When it comes to preventing the worst of climate change, “the point of no return is no longer over the horizon,” United Nations Secretary General Antonio Guterres warned Sunday on the eve of a crucial round of intergovernmental talks at the UN’s annual climate summit.
Representatives of more than 200 countries have gathered in Madrid for COP25, where they will attempt to strike key agreements on international climate action. One challenge is the wild variance in the impact of their domestic goals to cut greenhouse gas emissions.
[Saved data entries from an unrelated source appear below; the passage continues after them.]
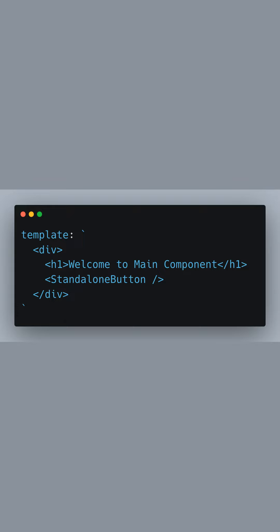Once the main component is rendered, it will present a welcoming message along with our clickable button just beneath it.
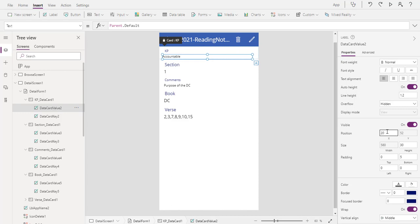See how it moved over to the left a little bit? And let's go to 50. See how it moved over again? So we have these numbers in here that are moving our text, and this is the X axis.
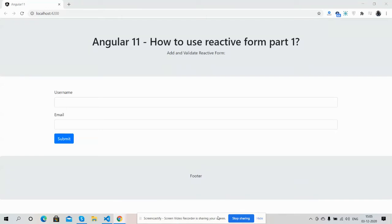Hello my friends, how are you? Welcome back to my channel, it's myself Ajay. Hope you are doing good. So friends, in this working video I'm going to tell you Angular 11 how to use reactive form part one.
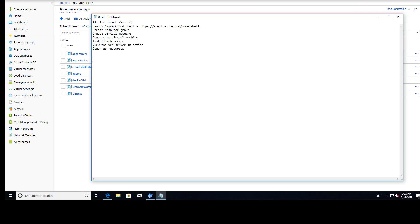Alright, welcome back to part 2 of our VM series. Today we're going to create a very simple VM. Last time we did it via the portal. Today we're going to create one via PowerShell. And here are the steps we're going to follow.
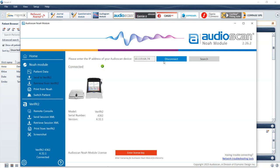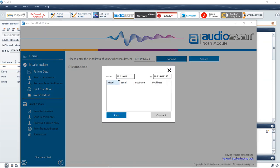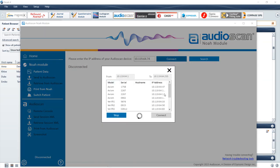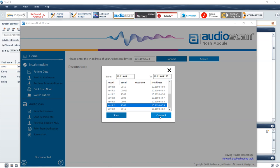Alternatively, you can search an IP address range. Select Scan to search for your AudioScan device. Once a system is found, select the text showing the model name, serial number, and IP address of the AudioScan you would like to connect to. Select Connect for connection to the selected AudioScan equipment.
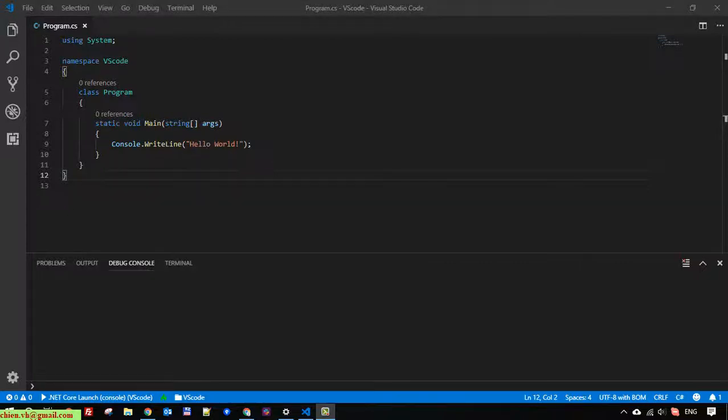Hi, in this video today I will guide you how to use Visual Studio Code to work with C# by adding a new class file. In the new class file I will create a new method, and after that in the static main method of the program file I will call it to execute the new method of the new class.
A growing crowd of large economies, including Spain, France and the U.K., have pledged to reach net-zero emissions by 2050. Several countries have set earlier targets; Finland has pledged to reach net zero by 2035, and Sweden has set its goal for 2045. Other countries, including some major economic powers like Russia, have not made any firm commitments on cutting emissions.
The UN Intergovernmental Panel on Climate Change (IPCC) says worldwide emissions need to fall 50% by 2030 to keep the global average temperature increase under 1.5°C above pre-industrial levels. The 184 signatories of the 2015 Paris Agreement have pledged to keep average temperature rise “well below” 2°C. The projected impacts of climate change—including heatwaves, droughts, floods and extreme storms—become increasingly catastrophic with each small increase in average temperature rise.
In November, a group of former IPCC authors working with the Universal Ecological Fund, a D.C.-based nonprofit, examined the current greenhouse gas-reduction commitments of these 184 countries. They found that almost three quarters were not strict enough to effectively contribute to keeping global average temperature rise below 1.5°C.
One of the key goals of COP25 is to strengthen commitments from the countries that are lagging behind. “In the crucial 12 months ahead, it is essential that we secure more ambitious national commitments—particularly from the main emitters—to immediately start reducing greenhouse gas emissions at a pace consistent to reaching carbon neutrality by 2050,” Guterres said at a pre-summit event.
Delegates at the conference will seek to finalize outstanding elements of the Paris Agreement. Those include the rules that govern nations’ abilities to “off-set” carbon emissions by paying for reductions of emissions in other countries, and how to fund compensation for countries that are hit by severe climate change impacts. Next year, with those rules in place, countries will try to negotiate higher and more ambitious international targets than those agreed in Paris in 2015.
As most countries attempt to fulfil and improve on their existing commitments on emissions, though, the U.S. is on course to renege on its own. President Donald Trump has argued that the terms of the Paris Agreement inflict unfair damage on the American economy, and last month initiated a process that would pull the country out of the Paris Agreement on Nov. 4, 2020—one day after the 2020 presidential election.
Democrats have pledged to cancel that withdrawal if their candidate wins that election. House Speaker Nancy Pelosi has travelled to COP25 along with a delegation of Democratic lawmakers. “By coming here we want to say to everyone we are still in, the United States is still in,” Pelosi told reporters there on Monday.